Load Balancing
Intro
Load balancing distributes incoming traffic across multiple service instances so one instance does not become a bottleneck or a single point of failure. In system design interviews, this is usually the first infrastructure building block because it enables horizontal scale without changing client behavior. It matters for availability, failure isolation, and predictable latency under burst traffic. Reach for it as soon as a service runs on more than one instance, especially for AI APIs where request cost varies by prompt size and model path.
Mechanism
Load balancers can operate at different layers, and that layer choice drives what routing decisions are possible.
- L4 transport layer
- Routes using connection metadata such as source and destination IP, port, and protocol.
- Works for TCP and UDP.
- Fast and lightweight because it does not parse application payloads.

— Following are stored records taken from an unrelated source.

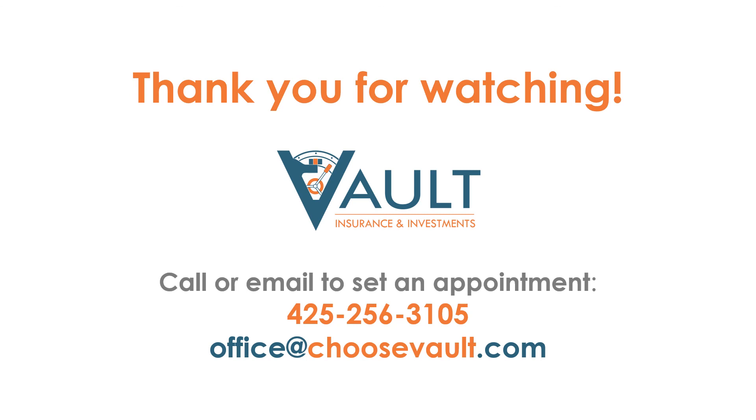Thanks for watching the video. We'll have some other videos here out shortly as well to help you for open enrollment. Have a great day. Thanks.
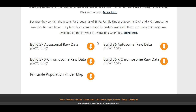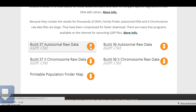If you're interested in simply storing your raw data, you can download all of these options and save them in a file on your desktop. Or if you're going to use them for a specific purpose, you can download the BUILD that the purpose tells you to use. For example, if you're going to use it at a third-party site, that site will usually tell you which BUILD to choose. If the third-party tool says to download your BUILD37 raw data, you can click here to download it, and it will automatically begin downloading so you can save it to a file or folder on your computer.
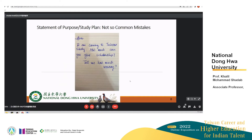This is an actual statement of purpose received, sadly, from India. If you can read it, it says: 'Hello, I'm coming to Taiwan, study. How much can you give scholarship? Tell me how much money.' This is an actual example, written on a piece of paper. But there is nothing to do with your statement of purpose or your study plan. This is a lack of understanding about what a statement of purpose is and what you're trying to achieve through it.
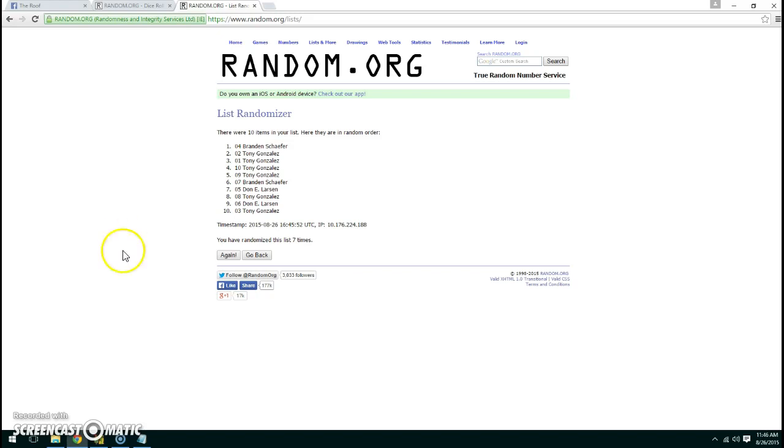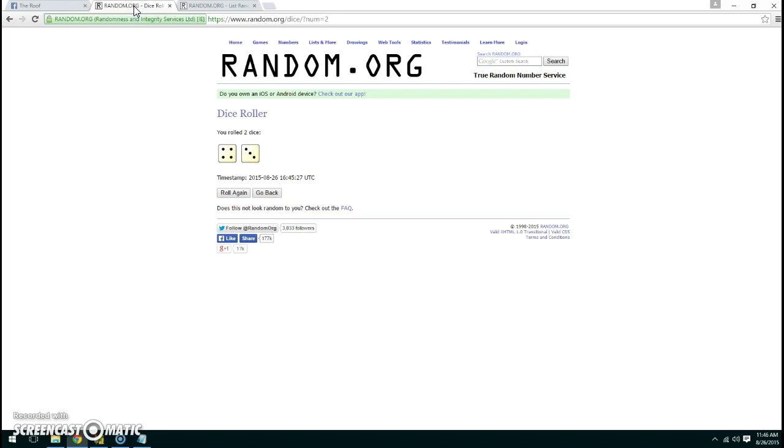Brandon with spot number four is the winner. We've randomized the list seven times based on a dice roll of seven.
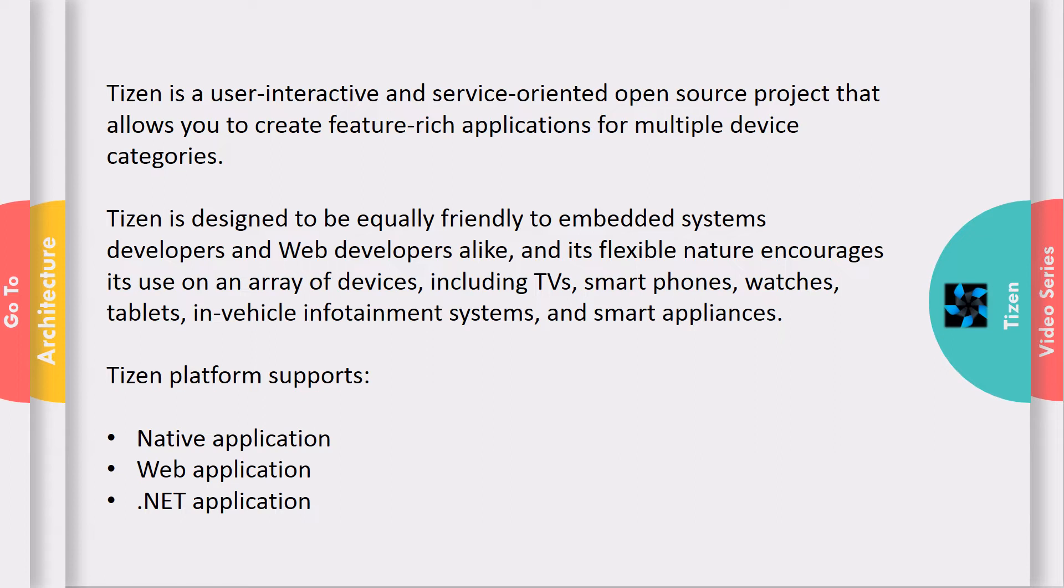Tizen provides a native API that provides the benefits of building software for embedded systems in C. It also provides a web API that allows you to create simple programs using only HTML5, CSS, and JavaScript.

- Cannot route by HTTP path, header, host, or cookie.
- L7 application layer
- Understands HTTP and can route by host, path, method, header, or cookie.
- Supports advanced traffic policies such as canary, A/B, and auth edge checks.
- Adds processing overhead versus L4.
flowchart LR
C[Client] --> LB[Load Balancer]
LB --> A[Server A]
LB --> B[Server B]
LB --> D[Server C]Practical interview rule: pick L4 for high-throughput generic transport routing, pick L7 when business routing logic depends on request content.
Algorithms
No single algorithm is best; choose based on workload shape and fairness goals.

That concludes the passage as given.